Priest's story is one of seven told in "A Shot Away: Personal Accounts of Military Sexual Trauma," a play based on transcripts of interviews conducted by playwright Donna Fiumano-Farley. We hear Priest's story from her mother (played by Jackie Sanders in a standout performance) and her twin sister (Tara Ricasa) as they leaf through old albums and painful memories. Six performers play the other victims, including two men, who stand on stage and tell their stories in snippets. First, all get a turn at explaining what inspired them to join up. Then they each describe how they became a target of sexual violence or harassment. Then they tell us how the institution reacted, which was almost always poorly: The "legal advocate" that the military assigned to Panayiota Bertzikis (Laura Anderson) told her it was "dishonorable to report a rape." Along the way, two actors (Rafe Terrizzi and Ian Way) dressed in camouflage military uniforms play a variety of military personnel, including the victimizers, with their dialogue supplied by the accounts of the victims.

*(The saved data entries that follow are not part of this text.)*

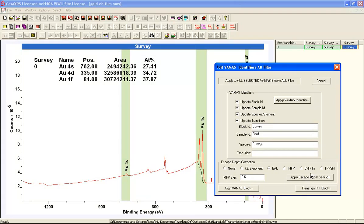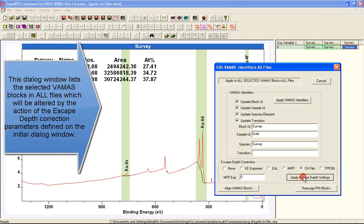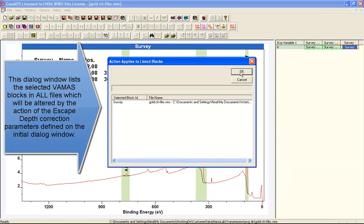And what I'm going to do is switch this from effective attenuation length to a correction that will be the effective attenuation length. It will also include a hydrocarbon film thickness. So we'll start off by just setting the film thickness to zero and say apply.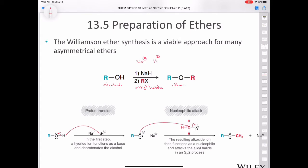The whole mechanism is shown here. First there's the proton transfer: you form the alkoxide and also produce hydrogen gas, which leaves the reaction flask as bubbles. Then you get the nucleophilic attack — here shown attacking a methyl halide — and you end up with a methyl ether.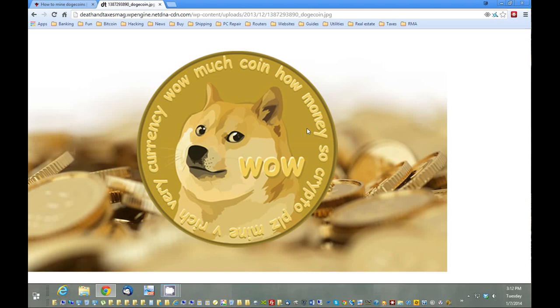Hello, this is Nick from ReviewOutlaw.com and today we're going to talk about Dogecoins. Dogecoins are kind of a joke on Bitcoins themselves, but they've actually taken off and have become very popular and very profitable to mine.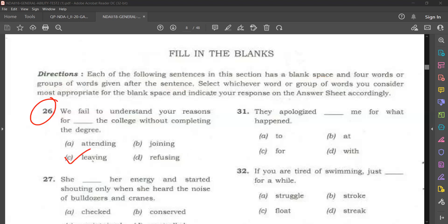Now question number 31. 'They apologize dash me for what happened.' Options are: at, for, with, to.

"A Shot Away" has its compelling moments, and it is surely an effective way to get the word out about a problem that affects thousands of soldiers annually. But it could be beefed up both dramatically and journalistically. Too much is made in this 80-minute play, for example, of the Priest family's arguments abut why Tina Priest could not have committed suicide, creating innuendo without any apparent effort to investigate this independently. Indeed, why not include a character or two to present an overview—or even a defense—of relevant military policies? That is what "Another American: Asking and Telling," a play about gays in the military, did, without diluting its advocacy.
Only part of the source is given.